===== MATERIAL FOR THIS TASK =====

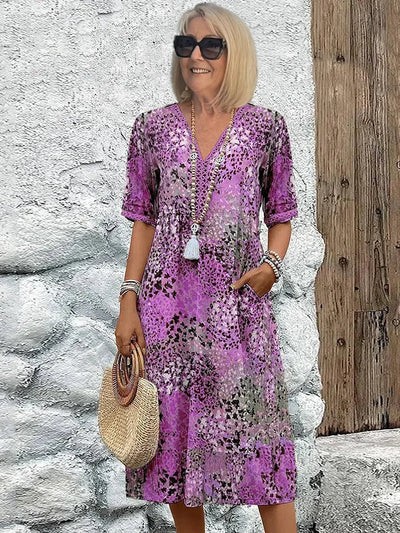 Alina Vibrant Mid Length Dress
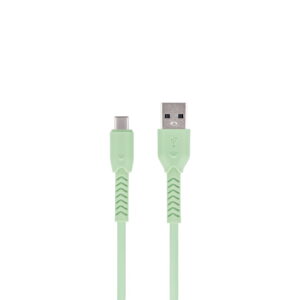 Maxlife MXUC-04 Καλώδιο φόρτισης και μεταφοράς δεδομένων από USB σε USB-C 1 μέτρου 3A – πράσινο - OEM0100852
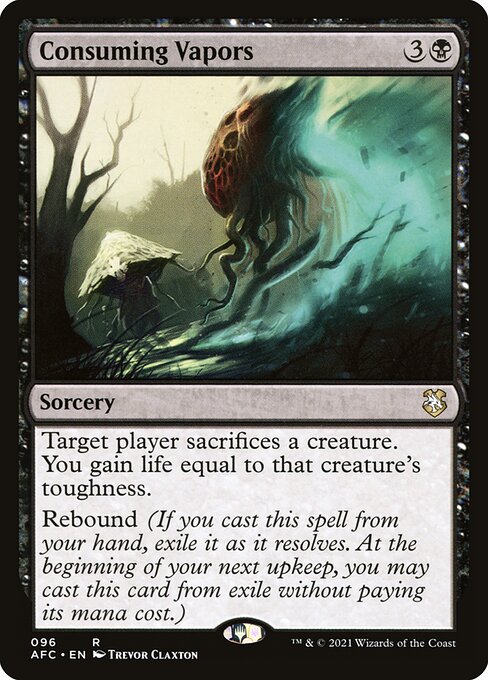 Verzehrende Dämpfe AFC-96 Rare Near Mint Englisch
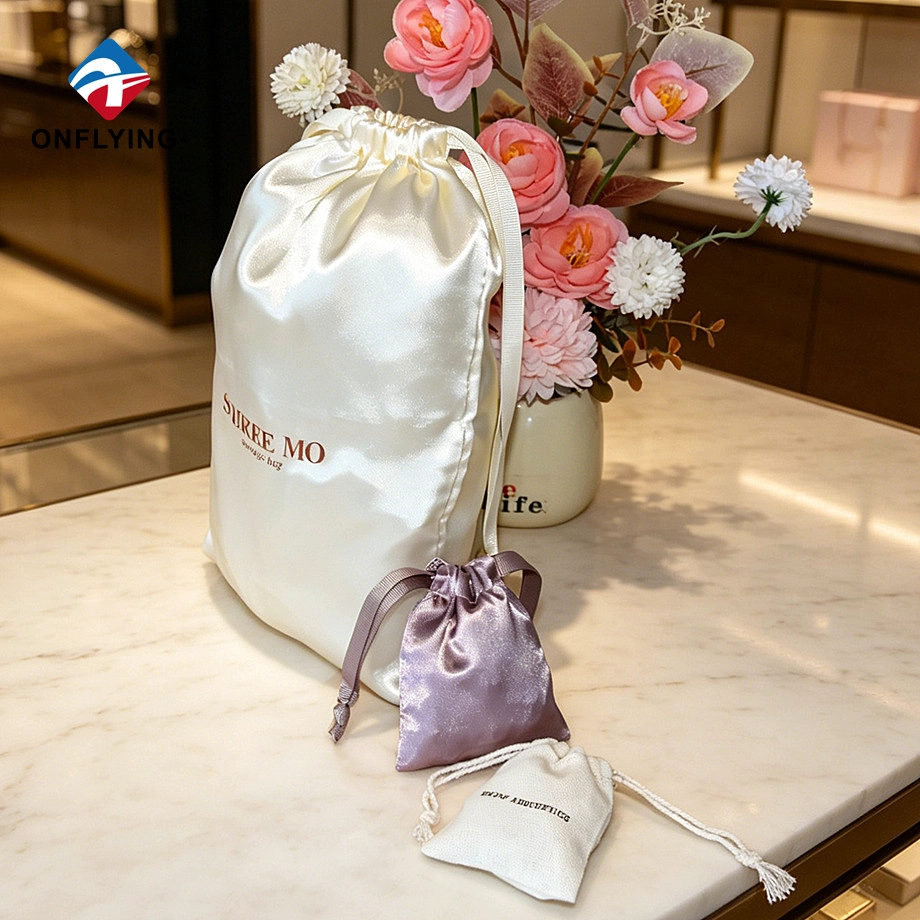 High Quality Drawstring Satin Bag manufacturer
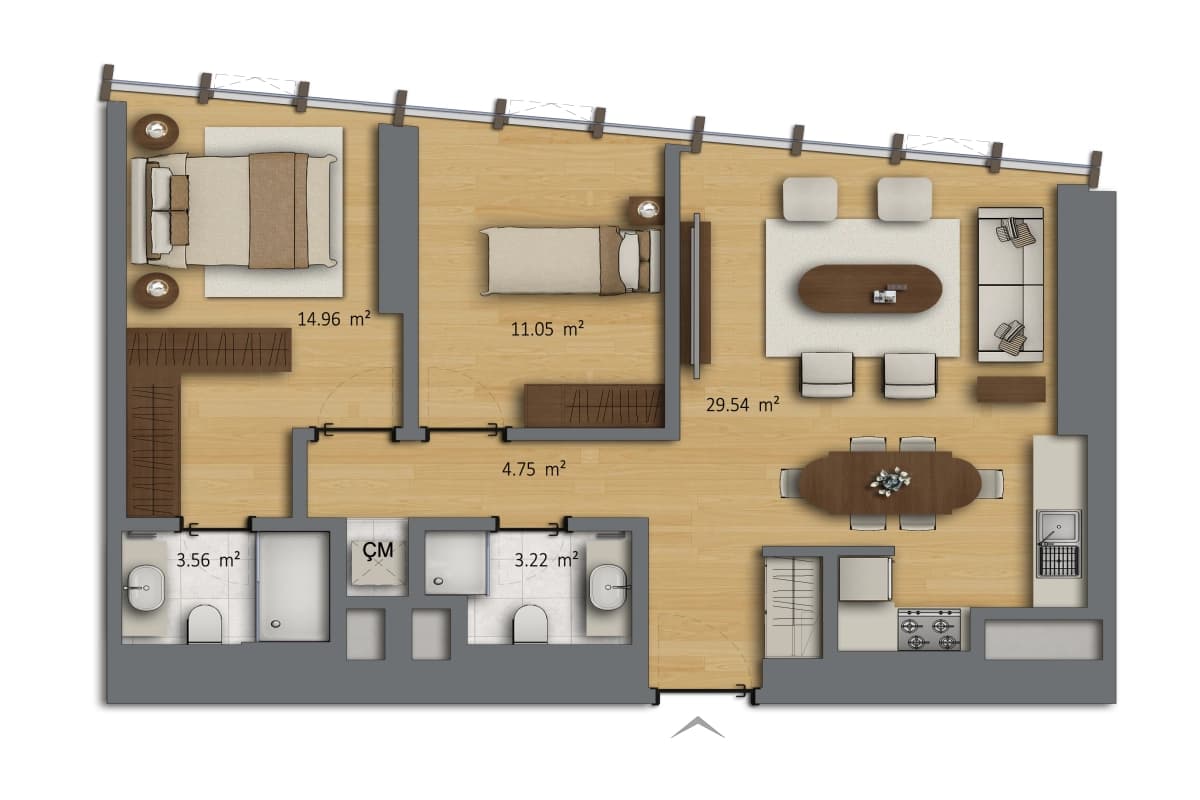 Bomonti Residences by Rotana – Luxury Serviced Apartments in Şişli, Istanbul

=====

EXERCISE PROMPT:
Repeat all of the entries above word for word and omit the pictures.

TASK SOLUTION:
 Alina Vibrant Mid Length Dress
 Maxlife MXUC-04 Καλώδιο φόρτισης και μεταφοράς δεδομένων από USB σε USB-C 1 μέτρου 3A – πράσινο - OEM0100852
 Verzehrende Dämpfe AFC-96 Rare Near Mint Englisch
 High Quality Drawstring Satin Bag manufacturer
 Bomonti Residences by Rotana – Luxury Serviced Apartments in Şişli, Istanbul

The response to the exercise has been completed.